Utanmazlar, sıkılmazlar, Allah'tan da korkmazlar...
Bu arada değerli meslektaşım Gazeteci büyüğümüz Hasan Karakaya ağabeyimize kutsal topraklarda hayatını kaybettiğinden dolayı rahmet diliyoruz. Kederli ailesine sabırlar diliyorum.
Yani her şeyin sorumlusu Ak Parti'dir.
Hatta ülkeyi ve dünyayı bu duruma getiren sanki Ak Parti hükümeti ve kurucu genel başkanı ve halk tarafından ilk kez seçilmiş Cumhurbaşkanı Recep Tayyip Erdoğan'mış gibi suçlarlar.

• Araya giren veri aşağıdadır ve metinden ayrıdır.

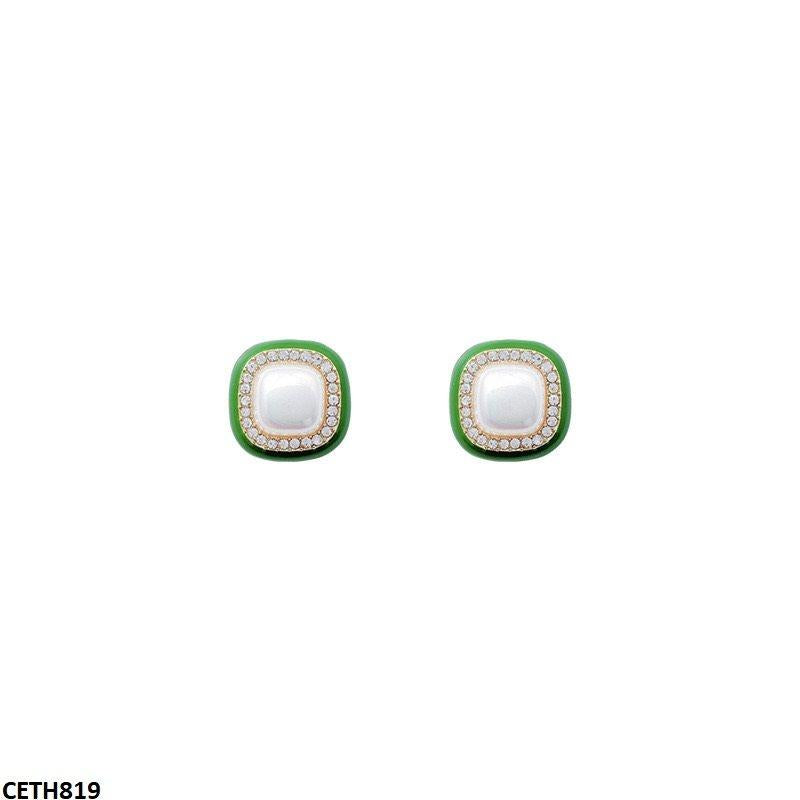 Emerald Square Pearl Earrings/Tops - CETH819 SIQ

Aslında sormak lazım ülke olarak gezi direnişini savunanlar bu ülkeye hizmet eden kişilerin neden haklarını yiyorlar.
Alın size bir örnek Bursa'dan vereyim. Ak parti'yi her ortamda kötüleyen ve nerde akşam orda sabah diyen sözüm ona entelektüeller, yazarlar, akademisyenler Ak Partili Bursa Büyükşehir Belediye Başkanı Recep Altepe'nin yaptırdığı Bursa Timsah Arenanın açılısının ardından söylediklerine bir bakın. Güya AK Parti hizmetlerini beğenmeyenler, tam tersine bu olaydan gurur duyup, öz çekim yaparak millete hava atmasını biliyorlar.
Yine bu iktidarın yaptığı ve sonrasında bu eserleri eleştirenler en başta bu yapıları kullanarak konuşmalarını da anlamış değilim.
Sezar'ın hakkı Sezar'a kardeşim...
Yani nerden bakarsanız bakın yapıcı muhalefet yapmayanlar halk tarafından da dışlanmaya mahkumdur.
Bu aziz milletimiz her zaman her şeyin iyisini bilir.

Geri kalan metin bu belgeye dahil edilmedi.